Artificial Groundwater Recharge (AR) statutes were adopted in 1961. AR statutes and rules provide a process for appropriating water when it is available and then storing it underground by injection through wells or infiltration at the land surface. A secondary groundwater authorization allows a project to recover the stored water through wells and put it to a beneficial use. Initially, a short-term limited license for AR testing is issued. It may be paired with a limited license for AR recovery testing. Extensive water quality and water quantity monitoring and reporting is part of all projects. Once a project has demonstrated its effects on groundwater quantity and quality, AR permits and certificates are available for permanent authorization of a project.
When processing applications for AR, the Department evaluates the availability of water for storage, the potential for stored water to remain within the influence of recovery wells, the sufficiency of proposed monitoring plans, and potential injurious effects of the project. An authorization for artificial recharge from a stream source may only be issued if a minimum streamflow or instream water right has been established for the stream or the Oregon Department of Fish and Wildlife agrees to waive the requirement. Water quality issues are addressed in coordination with the Oregon Department of Environmental Quality.

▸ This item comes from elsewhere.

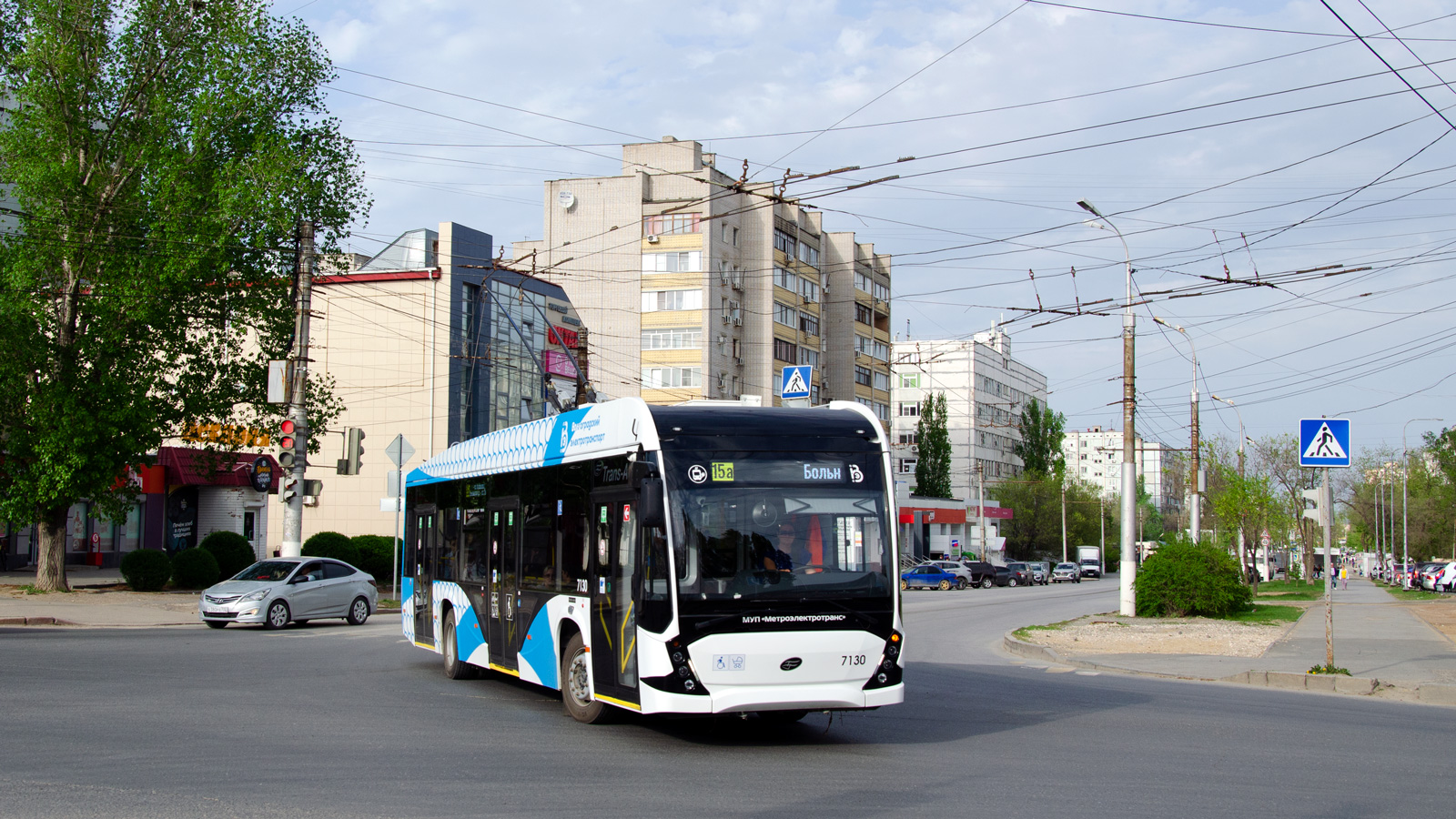 Volgograd, VMZ-5298.01 “Avangard” № 7130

AR projects have been operating in Oregon since 1976, with more than 3 billion gallons stored annually. There are quasi-municipal, irrigation, industrial, and watershed council projects using AR. Some artificial groundwater recharge projects augment aquifers to increase groundwater supply to wells. Other AR projects filter surface water before injecting into a deep aquifer under ASR, dilute shallow groundwater to improve water quality, or allow stored water to discharge to streams for temperature or flow benefits.